Review of Moloch

Moloch (1999)
7/10
A Strange Fantasy on The Life of A Madman
1 April 2013
This is not a film one "likes" in the ordinary sense that one might like, say "The Sound of Music." It is, however a film that could be admired for it's intention and for much of it's execution. I admired much of what the director was attempting, an unconventional look at Hitler's private life as an isolated, paranoid, lonely, often clueless individual who cannot connect with any kind of reality, but is still loved for himself by Eva.

Moloch is a curious, slow-moving construct, and is, in someways, about the disconnect between those who have power and those who depend upon them: the opening, featuring a nude Eva Braun dancing faun-like on some stone battlements in the fog, is odd and fascinating; what follows no less so, a sort of Fantasia On The Mad Dictator; the film is a curiosity.

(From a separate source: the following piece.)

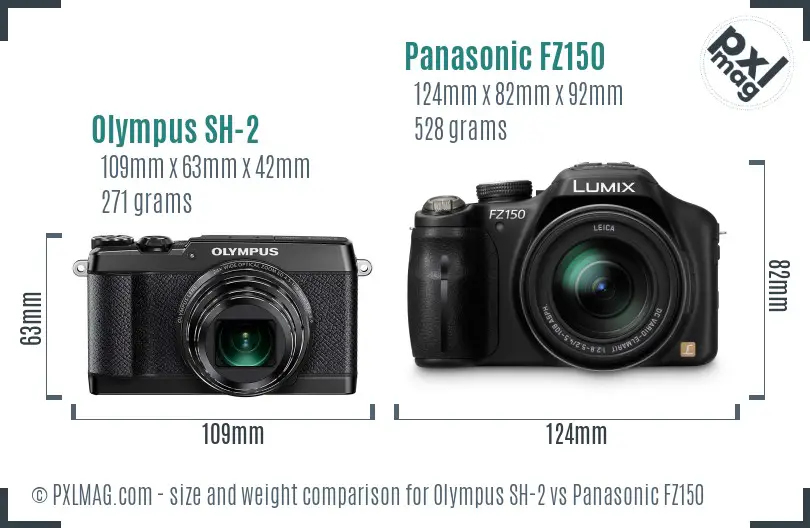 Olympus SH-2 vs Panasonic FZ150 size comparison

Just it is difficult to nail down the character of W. C. Fields in a film, or Clark Gable, or Charlie Chaplin, it is always difficult to recreate the 20th Century's most notable villain, Adolph Hitler. Many from Alec Guinness and Anthony Hopkins to Richard Basehart have tried, but Bruno Ganz in Downfall offers the unimpeachable impersonation--but Downfall a different kind of film. Like the kinky film "Even Dwarfs Started Small," Moloch is an oddity, fascinating to some history or film fans, exasperating for most mainstream audiences.